Sunday, 13 May 2018

Of sewers, music halls and deep deep tunnels, Barlow Moor Road in 1911


Barlow Moor Road, circa 1911
They're moving father's grave to build a sewer ........ They're moving his remains to lay down nine-inch drains, To irrigate some rich bloke's residence.*  

It was one of those popular songs of the traditional music halls guaranteed to raise a smile but containing a powerful social comment on the status of the poor in our Victorian cities.

And lest anyone should think I am going off on one, I shall just point you to the image of the plaque supplied to me by Graham who reminded me of how part of the Walker’s Croft Graveyard was swept away for the building of the railway station which is Victoria.

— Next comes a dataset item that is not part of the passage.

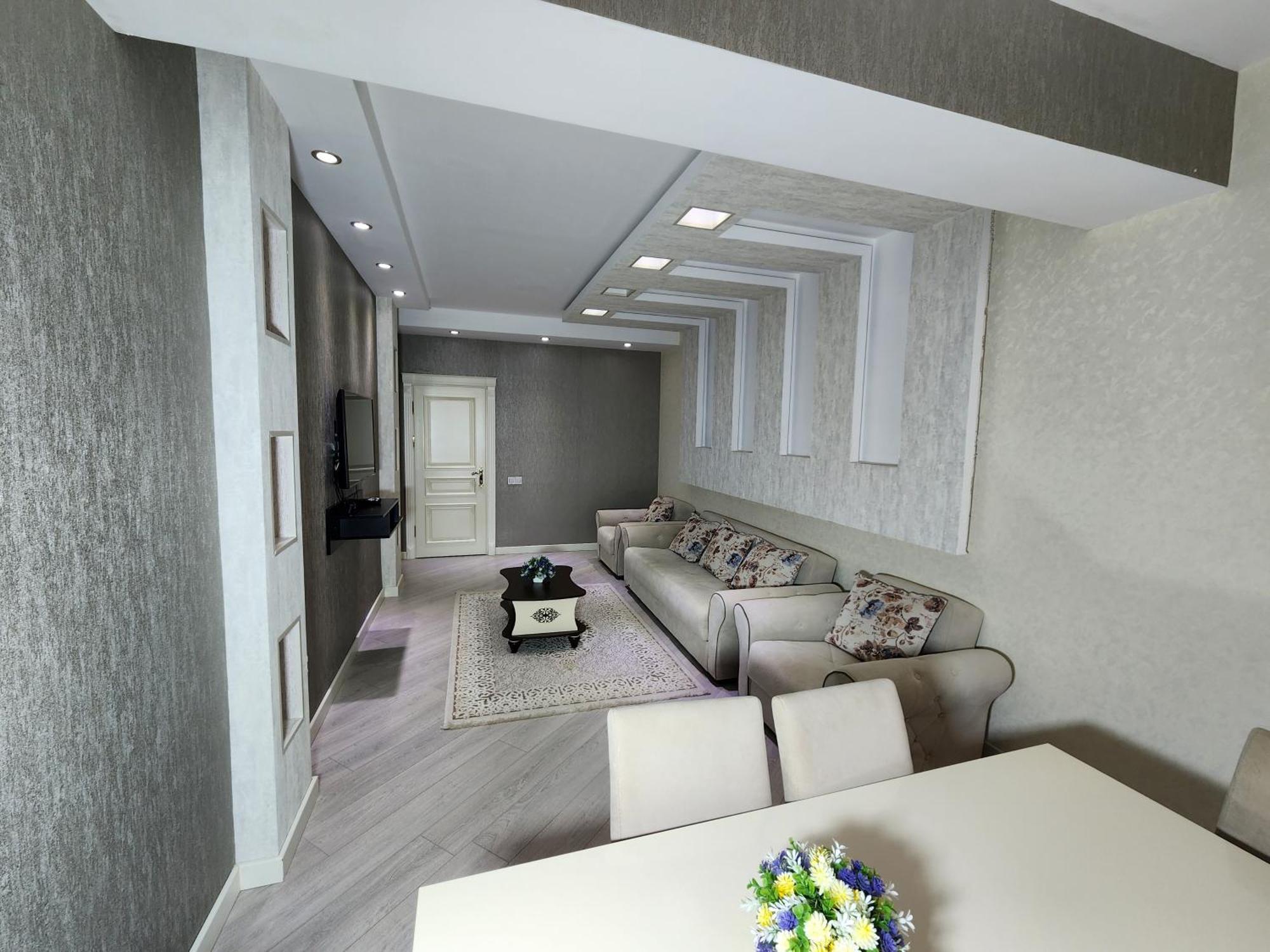 Park Azure Best Apartment バクー エクステリア 写真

Plaque by platforms 1 and 2 Victoria Station
And in a form of helpful slum clearance across the country the homes of the poor vanished in the face of viaducts, platforms and grand station fronts.

Here not only did the area around Walker’s Croft disappear but so did sections of Little Ireland close by Oxford Road.

So it is perhaps fitting that we are looking at the construction of a sewer on Barlow Moor Road hard by Southern Cemetery.
Look closely and the lodge at the entrance to the place is just visible.

Not that any bodies would have been harmed in the building of the said sewer.  Unlike Walker’s Croft there were no human remains in the path of the excavations.

dStationary tam
Having got that out of the way and dismissing the grotesque this is a fascinating picture.

The caption gives a date of 1911 and it cannot be any earlier, because in the January of that year the Corporation extended the tram network south from Chorlton to West Didsbury, and there almost as if on cue is a tram on its way up Barlow Moor Road.

But I am more interested in the work being undertaken by the City Engineers and in particular the huge timber construction above the sewer.

Today I guess it would all be metal scaffolding but back then it was timber.  Nor was this I think out of the ordinary for as late as the 1970s just outside Seaham Harbour in the north east there was a small building site using timber posts to support the scaffolding platform and ladders.

Sewer works
And if we wanted a further reminder of a time not like now it is there in the glimpse of the horse underneath the wooden framework.  This was still a time when most things were still hauled away by horses.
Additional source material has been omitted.